If this Shark structure and the resulting 'Fins Bar' turn out to be the entrance to the hotel, I predict another inconsistency between name and style; 'The Waterfront Hotel' conjures up images of clean cut marinas and leafy broadwalks. Whilst a conglomeration of shipping containers could never live up to the romanticised image the name may portray; it would have been easy to have gone minimalistic with a slight nautical theme.
But, in the latest concept art we see a design which is highly styled and - if it turns out as planned - visually intriguing. The use of scrap metal and hobbled together junk implies (to me at least) a community shipwrecked, marooned, and forced to survive on what little they were left with. Think Lost, Castaway, Swiss Family Robinson. It almost gives backstory to why they're sleeping in shipping containers (not that Merlin need excuse), and becomes far more intriguing than 'just another hotel'. You enter a situation, immersed in story and begin adventure. It reminds me, partly, of the welcome area at the 'Dark Harbor' event in California (only slightly less grim):
They are the clearest photos I could find. But give the idea.

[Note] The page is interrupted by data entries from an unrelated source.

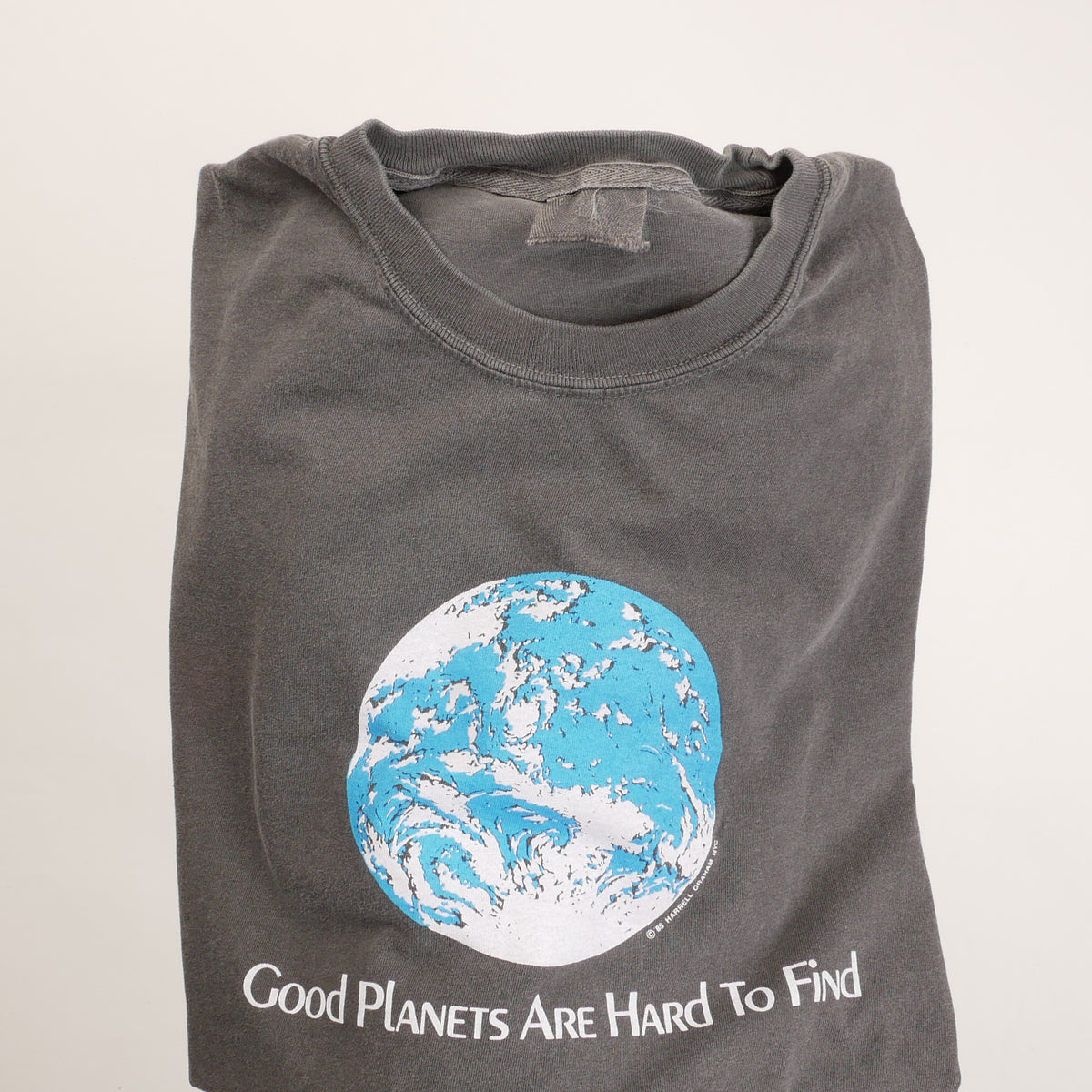 Good Planets Tee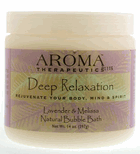 AROMA BBATH,DEEP RELAXATION 14 OZ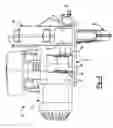 Fig. 04 - Metal cutting circular saw with integral sight window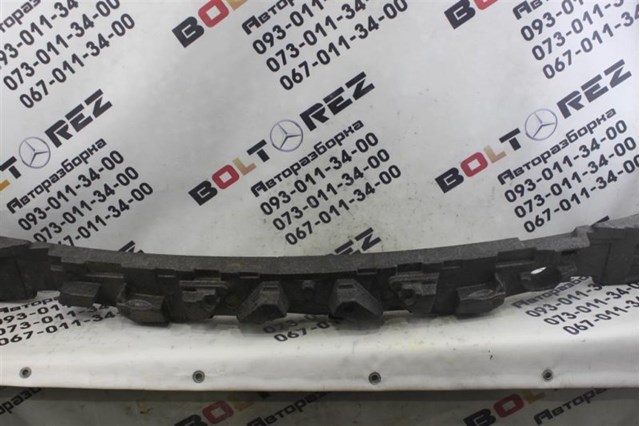 A2128800135 MERCEDES Абсорбер переднего бампера купить в Кривой Рог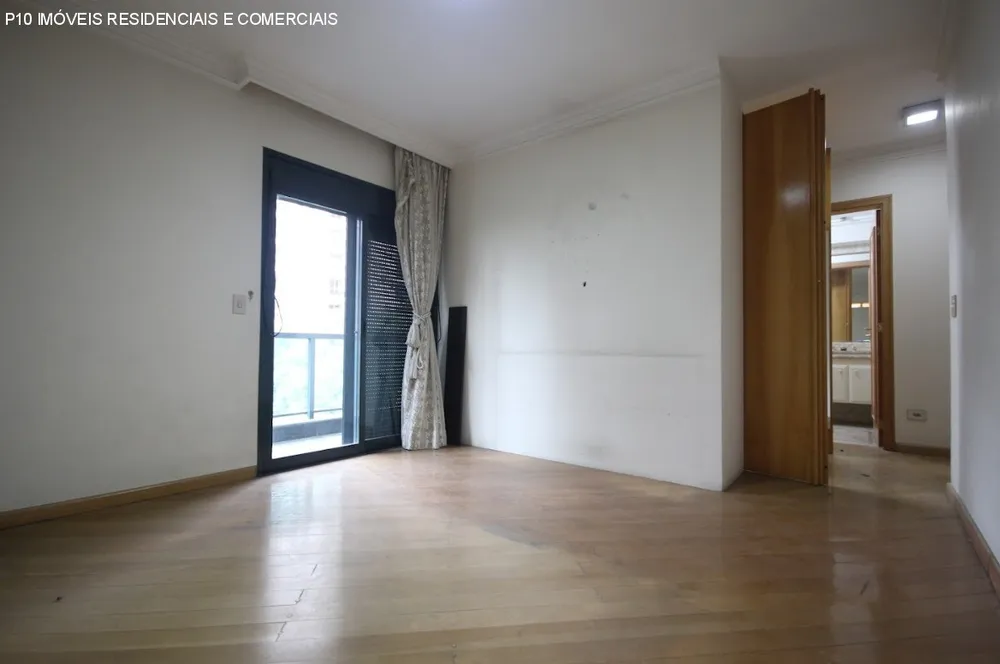 Apartamento, 4 quartos, 202 m² - Foto 3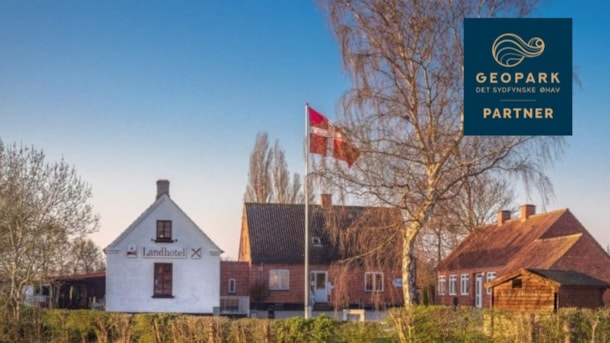 Avernakø Country Hotel 
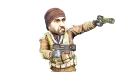 🔫 emoji CS:GO Telegram sticker 9 of 15
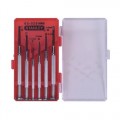 Stanley-Proto 66-039 6-PIECE JEWELERS SCREWDRIVER SET STANLEY 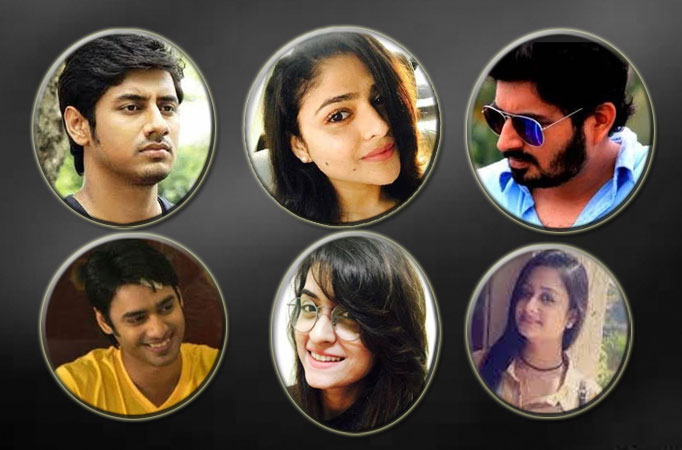 Bengali actors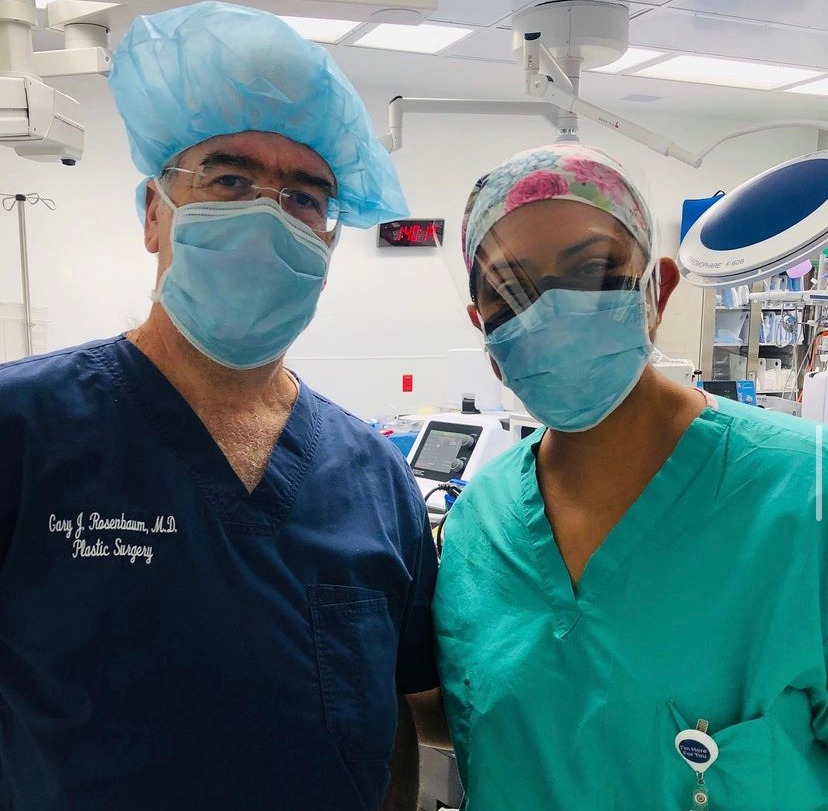 Gary J. Rosenbaum, MD | Miami Beach FL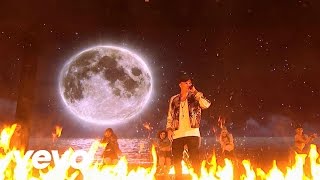 Justin Bieber - Love Yourself & Sorry - Live at The BRIT Awards 2016 ft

Yes, yes, yes this may all seem very arty farty, away with the fairies, out of touch with reality- however, it highlights just how exciting you can make over night accommodation. To me, the idea of sitting round a camp fire, strings of fairy lights above me, sat on driftwood and enjoying a drink from the bar is really appealing. Absorbed in the theme of the place. Maybe, come March, this will be the case. But why, oh why call it 'The Waterfront Hotel'?!

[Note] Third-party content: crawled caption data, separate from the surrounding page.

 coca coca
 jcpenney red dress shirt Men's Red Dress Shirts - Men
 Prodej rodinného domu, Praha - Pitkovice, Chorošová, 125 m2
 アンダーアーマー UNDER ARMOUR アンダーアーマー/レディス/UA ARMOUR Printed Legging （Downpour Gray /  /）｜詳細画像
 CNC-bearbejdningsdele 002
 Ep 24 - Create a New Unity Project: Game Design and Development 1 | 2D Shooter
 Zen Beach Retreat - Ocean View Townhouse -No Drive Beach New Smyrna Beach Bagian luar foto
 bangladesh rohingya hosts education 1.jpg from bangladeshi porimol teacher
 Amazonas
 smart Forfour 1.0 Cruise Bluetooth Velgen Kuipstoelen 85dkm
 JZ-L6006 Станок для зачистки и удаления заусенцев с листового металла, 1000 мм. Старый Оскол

There seems to be a myth confronting Merlin at the moment and that's that families like neutral. Families like sensible. Families like familiar. And maybe, in some cases that's true. But places like Europa Park have created hotels rich in detail and story, UK parks used to be able to - look at ATH or Splash Landings when they first opened - they were exciting places to be! Recent additions such as the Legoland Hotel may have strong themes on the inside but even then they lack depth and from the outside the hotel looks as dull as dishwater.
Even recent forays into kids areas have yielded sub par results (with some notable exceptions, and Cbeebies land looks like its heading in the right direction), but we've seen an obsession with IPs - how are kids suppose to develop imaginations if the places they go for adventure are thoroughly unimaginative? I remember riding Bubbleworks over and over again, looking for all the details embedded in the scenery, or spending hours creating stories staring the Thorpe Park Rangers. Places which used to be the catalyst for ideas have now become the slops bucket for other people's properties, its impossible to have a day escaping reality if round every bend there's an advert from TV or a character from the iTunes Store.

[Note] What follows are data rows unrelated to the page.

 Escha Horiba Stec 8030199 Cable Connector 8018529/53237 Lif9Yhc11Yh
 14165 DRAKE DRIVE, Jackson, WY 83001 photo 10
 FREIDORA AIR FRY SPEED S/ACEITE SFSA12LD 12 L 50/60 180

As has been suggested previously in this topic, Thorpe have decided to change their tact and try and be more inclusive of the family market (a thing which geek world has been wanting for years) but they've gone about it in a, seemingly, knee jerk way.
This post has become far too long, and gone off topic more times than a nun sits on a cucumber. But, the news Thorpe have released over the past week show that we seem to live in a time when the parks don't really know how to define 'family entertainment', or how to integrate rides for differing tastes into one themed area, and I really hope it isn't too detrimental.